Stepford Kadınları’nı bitirdiğimde bir süre kitabı elimde tuttum ve öylece baktım. Sanki kapattığım şey bir roman değil de, hayatın içinden çok tanıdık ama bir o kadar da rahatsız edici bir gerçeğin üzerindeki örtüydü. Bana hep bir distopyanın, gerçek dünyadan tamamen kopuk bir hikâyenin huzursuzluğu eşlik eder sanırdım; oysa Stepford’un tedirginliği çok daha yakındı—evin içinde, sokakta, reklamlarda, hatta bazı sohbetlerin alt tonlarında bile hissedilebilen bir yakınlık.

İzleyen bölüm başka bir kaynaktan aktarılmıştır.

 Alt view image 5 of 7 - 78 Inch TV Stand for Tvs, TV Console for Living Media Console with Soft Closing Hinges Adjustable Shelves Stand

Joanna’nın Stepford’a taşındığı ilk bölümleri okurken, ben de onun gibi kasabanın “fazla düzgün” havasına karşı bir şeylerin ters gittiğini hissediyordum. Ama asıl rahatsızlık, kadınların o yapay mükemmelliklerinin altındaki boşlukla yüzleştiğimde geldi. Hepsi güzel, hepsi güler yüzlü, hepsi kusursuz… ama hepsi aynı. İnsanlığın yerini bir senaryoya göre çalışan programların aldığı o tuhaf hâl, okurken mideme küçük bir düğüm oturttu.

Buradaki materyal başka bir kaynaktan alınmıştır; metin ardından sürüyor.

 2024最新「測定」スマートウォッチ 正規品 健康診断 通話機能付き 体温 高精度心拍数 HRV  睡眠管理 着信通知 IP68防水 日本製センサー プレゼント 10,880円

Beni en çok sarsan şeylerden biri, Joanna’nın arkadaşlarındaki dönüşümü izlemek oldu. Daha dün kendi hayalleriyle dolu, kahkahası bol kadınların bir anda mutfağa kapanmış, kendi benlikleri silinmiş bir hâle gelmesi… Bu, sadece kitapta yaşanan bir kurgu gibi gelmedi bana. Çevremde, yıllar içinde kendini, sınırlarını, hayallerini sessizce bırakan kadınları düşündüm. Bazen aile baskısıyla, bazen toplumun beklentisiyle, bazen de “iyi kadın” olmanın yüküyle kendi rengini kaybedenleri…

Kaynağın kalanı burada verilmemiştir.